Probability that all runners finish within (9.8s to 9.9s)

[psie]

Homework Statement

I guess it is Olympic games, so here's a probability question. In a $100$-meter Olympic race the running times can be considered to be $U(9.6,10.0)$-distributed. Suppose there are eight competitors in the finals. What is the probability that all eight finish within the time interval $(9.8,9.9)$?

Relevant Equations

This is in a chapter on order statistics, specifically in a section on the joint density of the extreme order statistics, i.e. $X_{(n)}=\max\{X_1,\ldots,X_n\}$ and $X_{(1)}=\min\{X_1,\ldots,X_n\}$. Their joint density is $$f_{X_{(1)},X_{(n)}}(x,y)=\begin{cases} n(n-1)(F(y)-F(x))^{n-2}f(y)f(x),&x<y\\ 0&\text{otherwise}.\end{cases}$$ The range is $R_n=X_{(n)}-X_{(1)}$ and it also has a known density which may be of interest (not sure).

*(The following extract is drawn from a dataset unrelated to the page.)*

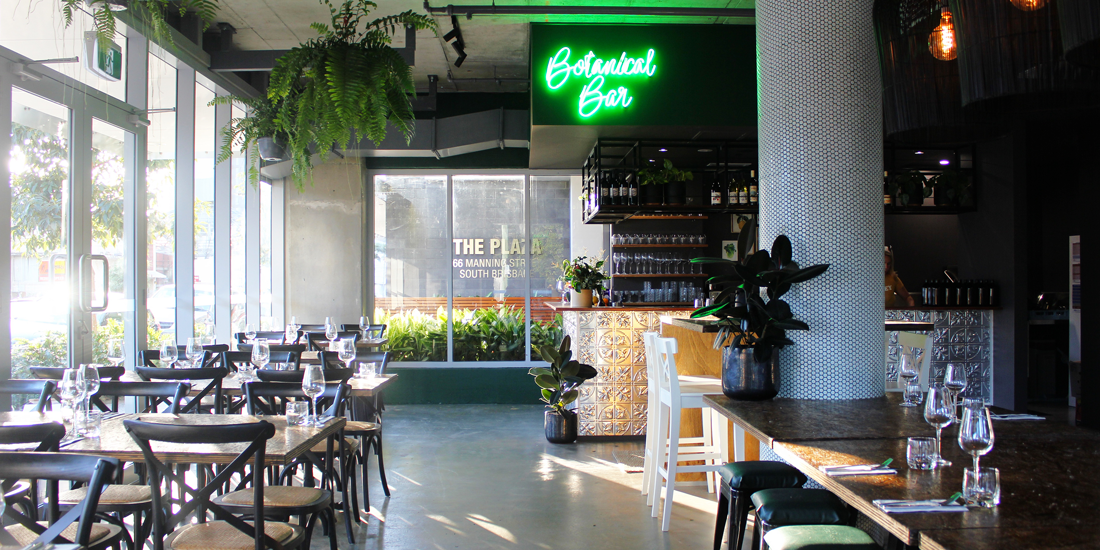 Enjoy botanical cocktails and plant-based bites at Greenhouse Canteen & Bar’s new South Brisbane digs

I'm not sure how to solve this. Intuitively, we'd want to know $$P(X_{(1)}>9.8,X_{(8)}<9.9),$$but is the above probability simply $P((X_{(1)},X_{(8)})\in (9.8,10.0)\times(9.6,9.9))$ and do I integrate the joint density over $(9.8,10.0)\times(9.6,9.9)$ then?

 

[ergospherical]

Solve it for some small $n$ first. What's the probability for just $n=1$ runner? And what about for $n=2$ runners? In the latter case, you can think in terms of the joint probability being proportional to the area of a particular square in the $(X_1, X_2)$ plane. And for $n=3$ runners, in terms of a particular cubic volume in $(X_1, X_2, X_3)$ space. Can you generalise?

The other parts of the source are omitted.